START Task input
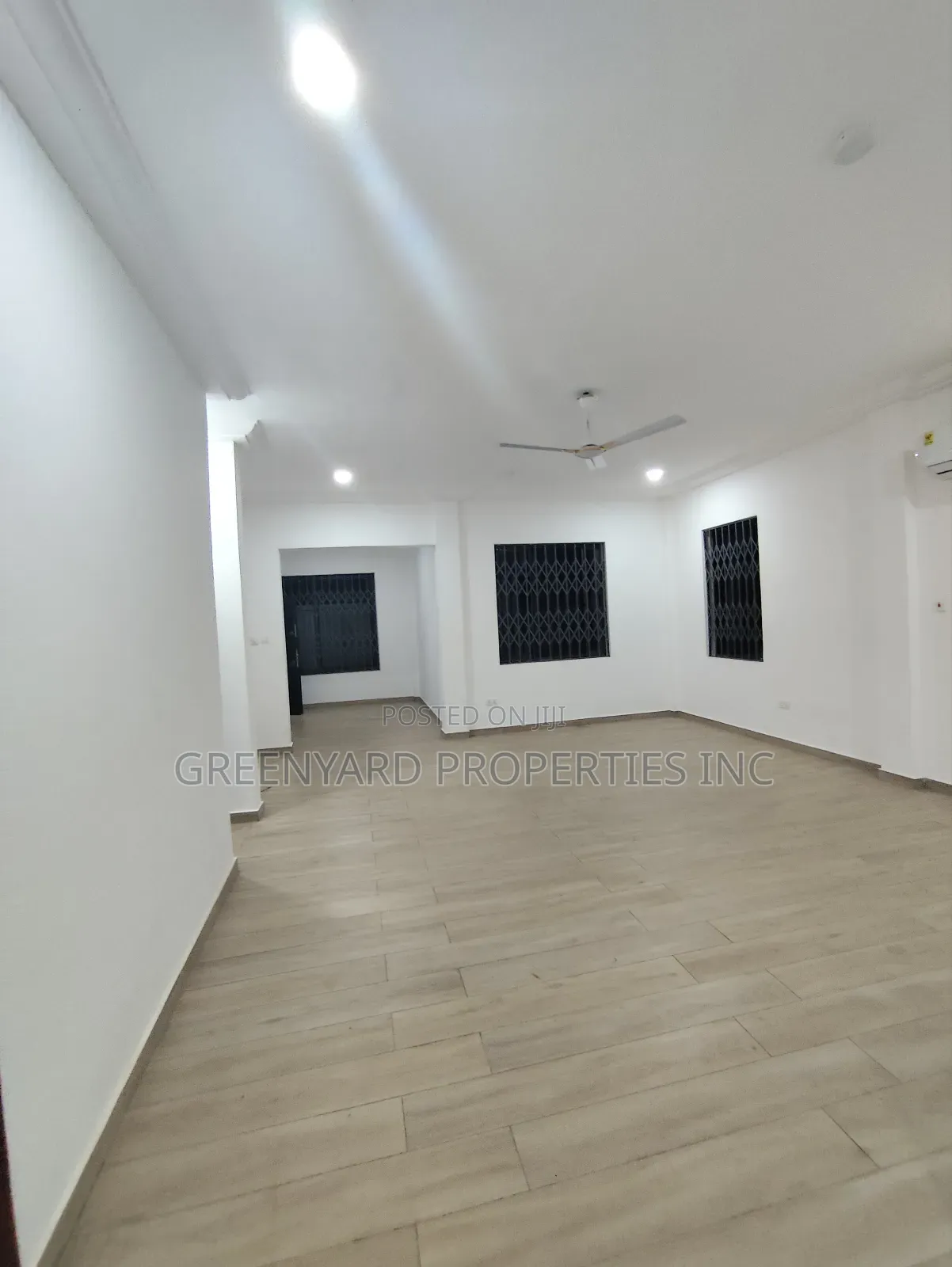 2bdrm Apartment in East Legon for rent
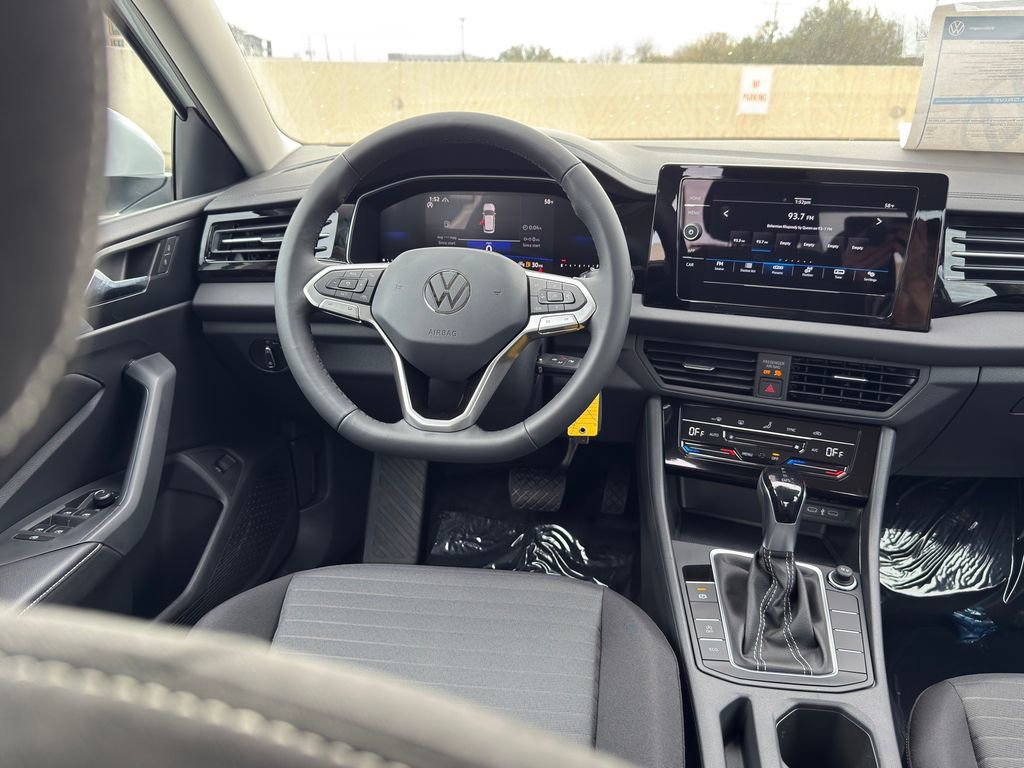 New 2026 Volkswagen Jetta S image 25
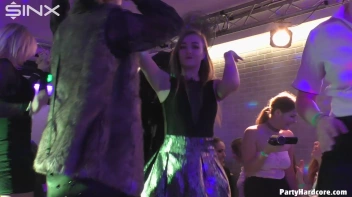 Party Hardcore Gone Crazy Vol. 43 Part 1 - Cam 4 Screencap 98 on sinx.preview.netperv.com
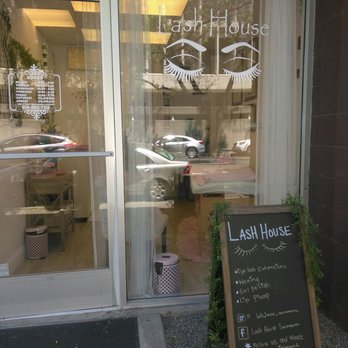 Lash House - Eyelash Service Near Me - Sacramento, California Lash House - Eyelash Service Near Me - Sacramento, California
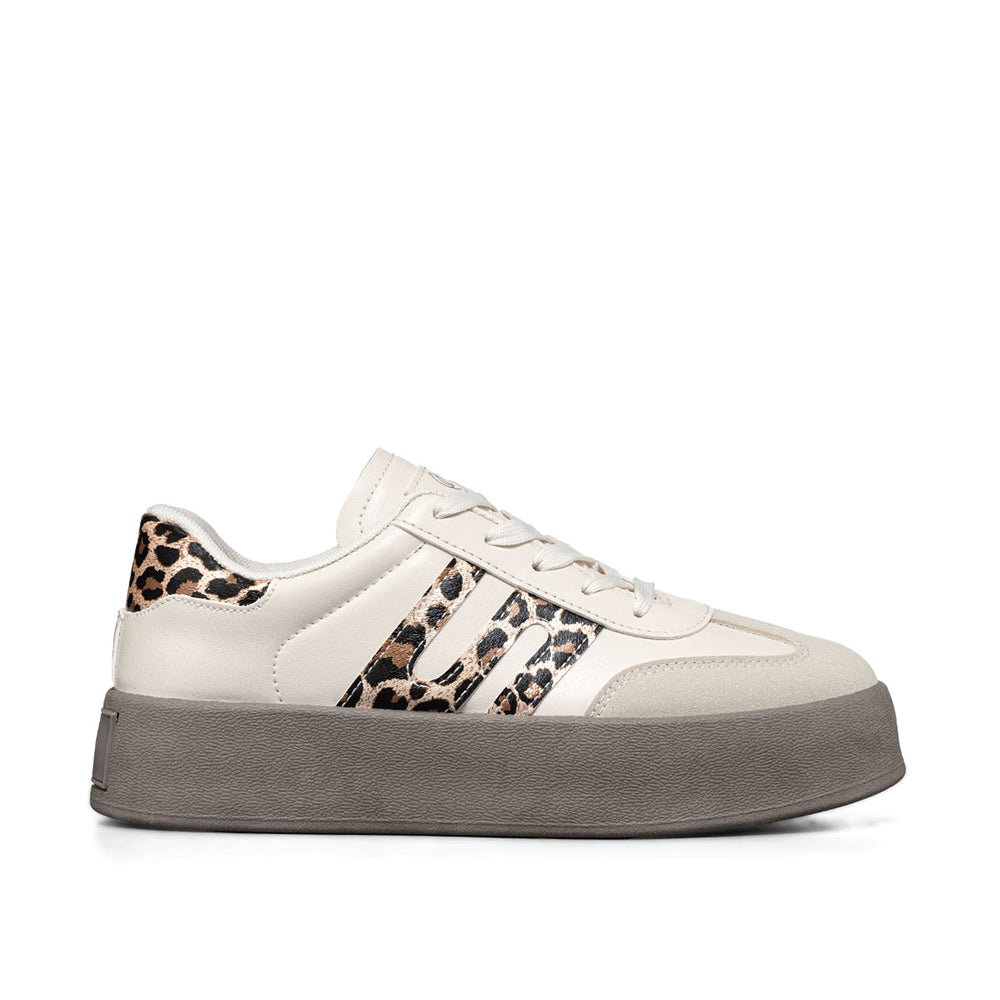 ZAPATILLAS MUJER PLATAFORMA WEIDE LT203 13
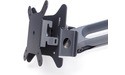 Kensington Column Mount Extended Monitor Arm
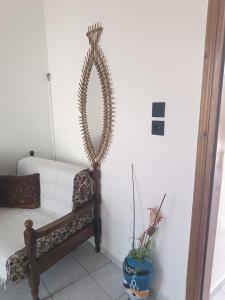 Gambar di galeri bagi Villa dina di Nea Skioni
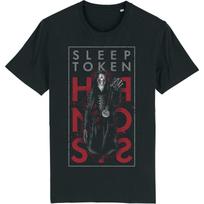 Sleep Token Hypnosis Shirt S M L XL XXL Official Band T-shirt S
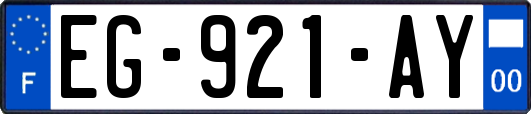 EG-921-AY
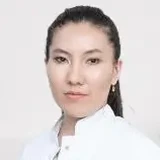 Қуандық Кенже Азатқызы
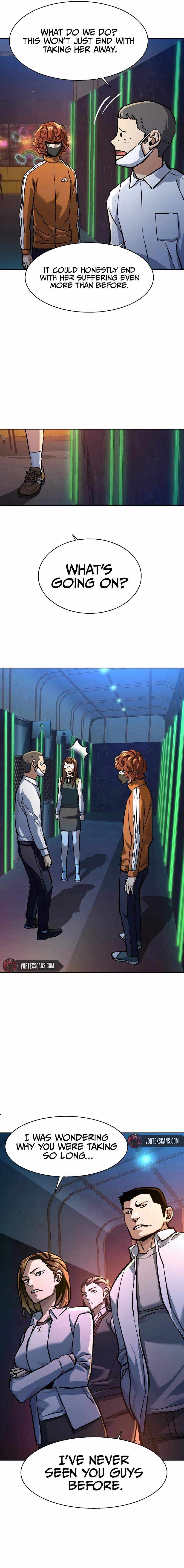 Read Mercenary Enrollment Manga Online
END Task input
START Task input
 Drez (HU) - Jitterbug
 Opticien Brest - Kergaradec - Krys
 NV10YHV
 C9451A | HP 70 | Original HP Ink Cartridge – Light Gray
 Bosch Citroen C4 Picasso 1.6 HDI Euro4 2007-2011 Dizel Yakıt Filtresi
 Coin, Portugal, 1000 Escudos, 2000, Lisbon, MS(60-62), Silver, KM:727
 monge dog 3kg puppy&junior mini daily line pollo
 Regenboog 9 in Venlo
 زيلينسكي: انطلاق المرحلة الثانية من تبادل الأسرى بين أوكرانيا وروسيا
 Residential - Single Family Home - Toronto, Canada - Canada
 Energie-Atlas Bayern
END Task input
- **About this task**
Write back the stretch of lines above that begins with the line holding "Қуандық Кенже Азатқызы" and ends with the line holding "Read Mercenary Enrollment Manga Online", both included, exactly as written. Pictures stay out.

- **Task answer**
 Қуандық Кенже Азатқызы
 Read Mercenary Enrollment Manga Online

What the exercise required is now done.